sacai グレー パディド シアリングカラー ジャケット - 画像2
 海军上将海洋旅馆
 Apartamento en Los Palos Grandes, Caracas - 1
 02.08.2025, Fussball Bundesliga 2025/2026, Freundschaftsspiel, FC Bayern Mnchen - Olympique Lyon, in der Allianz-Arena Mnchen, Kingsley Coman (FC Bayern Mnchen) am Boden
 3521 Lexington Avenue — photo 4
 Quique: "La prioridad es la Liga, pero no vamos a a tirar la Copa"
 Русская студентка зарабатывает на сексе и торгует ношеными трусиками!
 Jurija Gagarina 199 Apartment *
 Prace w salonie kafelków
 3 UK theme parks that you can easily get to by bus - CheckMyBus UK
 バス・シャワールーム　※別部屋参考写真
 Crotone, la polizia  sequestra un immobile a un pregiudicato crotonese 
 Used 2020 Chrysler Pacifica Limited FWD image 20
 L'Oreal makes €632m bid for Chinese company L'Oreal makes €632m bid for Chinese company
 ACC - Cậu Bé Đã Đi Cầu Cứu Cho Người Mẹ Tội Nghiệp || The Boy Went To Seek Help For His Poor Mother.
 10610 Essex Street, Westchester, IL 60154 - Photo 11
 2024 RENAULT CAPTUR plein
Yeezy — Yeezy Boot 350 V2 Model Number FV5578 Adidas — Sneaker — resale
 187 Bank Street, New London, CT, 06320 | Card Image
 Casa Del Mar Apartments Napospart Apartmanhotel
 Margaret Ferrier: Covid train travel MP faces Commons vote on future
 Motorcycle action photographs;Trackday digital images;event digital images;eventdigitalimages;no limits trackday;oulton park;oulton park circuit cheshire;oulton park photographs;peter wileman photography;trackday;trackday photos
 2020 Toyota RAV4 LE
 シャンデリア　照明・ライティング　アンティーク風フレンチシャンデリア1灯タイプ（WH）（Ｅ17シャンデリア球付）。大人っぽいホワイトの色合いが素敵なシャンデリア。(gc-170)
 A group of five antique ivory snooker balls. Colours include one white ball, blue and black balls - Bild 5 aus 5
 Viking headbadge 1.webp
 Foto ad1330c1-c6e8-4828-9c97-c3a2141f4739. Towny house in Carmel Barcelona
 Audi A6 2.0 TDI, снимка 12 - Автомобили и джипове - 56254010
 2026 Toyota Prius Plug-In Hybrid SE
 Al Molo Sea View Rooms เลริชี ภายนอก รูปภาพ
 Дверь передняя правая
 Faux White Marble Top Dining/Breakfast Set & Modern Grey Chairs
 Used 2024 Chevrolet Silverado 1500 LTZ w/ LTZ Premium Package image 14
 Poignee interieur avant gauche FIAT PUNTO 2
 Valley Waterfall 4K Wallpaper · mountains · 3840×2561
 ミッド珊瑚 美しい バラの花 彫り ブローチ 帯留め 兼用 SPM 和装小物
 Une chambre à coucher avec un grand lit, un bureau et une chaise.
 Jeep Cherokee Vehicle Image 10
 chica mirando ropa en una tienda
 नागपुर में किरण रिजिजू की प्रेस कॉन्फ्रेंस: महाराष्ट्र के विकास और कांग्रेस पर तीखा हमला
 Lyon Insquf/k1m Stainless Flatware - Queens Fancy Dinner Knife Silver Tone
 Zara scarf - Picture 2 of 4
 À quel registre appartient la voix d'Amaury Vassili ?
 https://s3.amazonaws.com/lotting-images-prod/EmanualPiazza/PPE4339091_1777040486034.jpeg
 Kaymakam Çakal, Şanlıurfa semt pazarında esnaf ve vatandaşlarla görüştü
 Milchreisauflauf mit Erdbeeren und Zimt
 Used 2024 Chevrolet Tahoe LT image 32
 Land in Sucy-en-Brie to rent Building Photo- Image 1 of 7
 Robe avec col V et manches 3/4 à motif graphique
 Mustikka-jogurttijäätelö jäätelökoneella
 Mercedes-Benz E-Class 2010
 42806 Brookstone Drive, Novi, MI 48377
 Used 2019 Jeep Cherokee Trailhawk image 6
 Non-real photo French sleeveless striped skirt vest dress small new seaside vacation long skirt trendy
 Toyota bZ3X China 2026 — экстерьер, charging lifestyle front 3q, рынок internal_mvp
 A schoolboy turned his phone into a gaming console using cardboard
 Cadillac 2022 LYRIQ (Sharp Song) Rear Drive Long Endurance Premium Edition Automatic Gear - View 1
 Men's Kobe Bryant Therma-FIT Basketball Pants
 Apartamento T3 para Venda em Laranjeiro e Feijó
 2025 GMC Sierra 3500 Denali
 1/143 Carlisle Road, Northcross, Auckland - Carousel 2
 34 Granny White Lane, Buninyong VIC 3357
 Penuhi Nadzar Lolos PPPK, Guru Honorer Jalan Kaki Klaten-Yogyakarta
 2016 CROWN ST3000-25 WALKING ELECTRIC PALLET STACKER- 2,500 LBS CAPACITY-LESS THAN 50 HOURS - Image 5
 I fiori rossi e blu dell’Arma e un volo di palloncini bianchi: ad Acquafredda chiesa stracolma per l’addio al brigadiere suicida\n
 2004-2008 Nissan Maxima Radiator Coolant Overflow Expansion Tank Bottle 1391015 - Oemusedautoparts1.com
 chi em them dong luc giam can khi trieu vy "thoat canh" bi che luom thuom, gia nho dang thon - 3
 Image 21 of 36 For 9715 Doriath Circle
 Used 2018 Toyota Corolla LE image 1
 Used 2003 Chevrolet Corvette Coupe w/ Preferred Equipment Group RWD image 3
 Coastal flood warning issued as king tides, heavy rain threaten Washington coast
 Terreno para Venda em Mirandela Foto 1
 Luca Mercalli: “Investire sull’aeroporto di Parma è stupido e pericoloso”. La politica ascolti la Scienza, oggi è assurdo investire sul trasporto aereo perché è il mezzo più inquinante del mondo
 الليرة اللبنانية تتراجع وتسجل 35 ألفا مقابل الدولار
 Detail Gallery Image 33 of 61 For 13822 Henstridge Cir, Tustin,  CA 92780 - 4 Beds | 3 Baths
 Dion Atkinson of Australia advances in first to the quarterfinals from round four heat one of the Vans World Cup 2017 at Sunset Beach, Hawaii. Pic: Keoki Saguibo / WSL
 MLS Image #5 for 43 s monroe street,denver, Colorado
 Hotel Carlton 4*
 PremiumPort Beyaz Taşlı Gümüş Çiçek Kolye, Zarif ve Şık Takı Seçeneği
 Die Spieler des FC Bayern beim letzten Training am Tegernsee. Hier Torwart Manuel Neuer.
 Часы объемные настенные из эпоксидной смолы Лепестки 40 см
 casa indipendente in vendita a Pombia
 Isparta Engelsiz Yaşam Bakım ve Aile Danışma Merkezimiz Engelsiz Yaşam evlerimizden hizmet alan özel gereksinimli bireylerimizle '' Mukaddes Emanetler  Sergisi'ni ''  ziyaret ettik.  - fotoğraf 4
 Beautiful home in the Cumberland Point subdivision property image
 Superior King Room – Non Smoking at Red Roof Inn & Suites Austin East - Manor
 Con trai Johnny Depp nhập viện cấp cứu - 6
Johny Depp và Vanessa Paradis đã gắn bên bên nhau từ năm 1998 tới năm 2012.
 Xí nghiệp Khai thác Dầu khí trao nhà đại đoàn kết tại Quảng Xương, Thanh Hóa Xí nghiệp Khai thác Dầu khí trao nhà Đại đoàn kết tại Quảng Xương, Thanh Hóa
..........
(TO DO)
Reproduce each line of the entries in which the word "avec" is found.

(RESPONSE BELOW)
 Une chambre à coucher avec un grand lit, un bureau et une chaise.
 Robe avec col V et manches 3/4 à motif graphique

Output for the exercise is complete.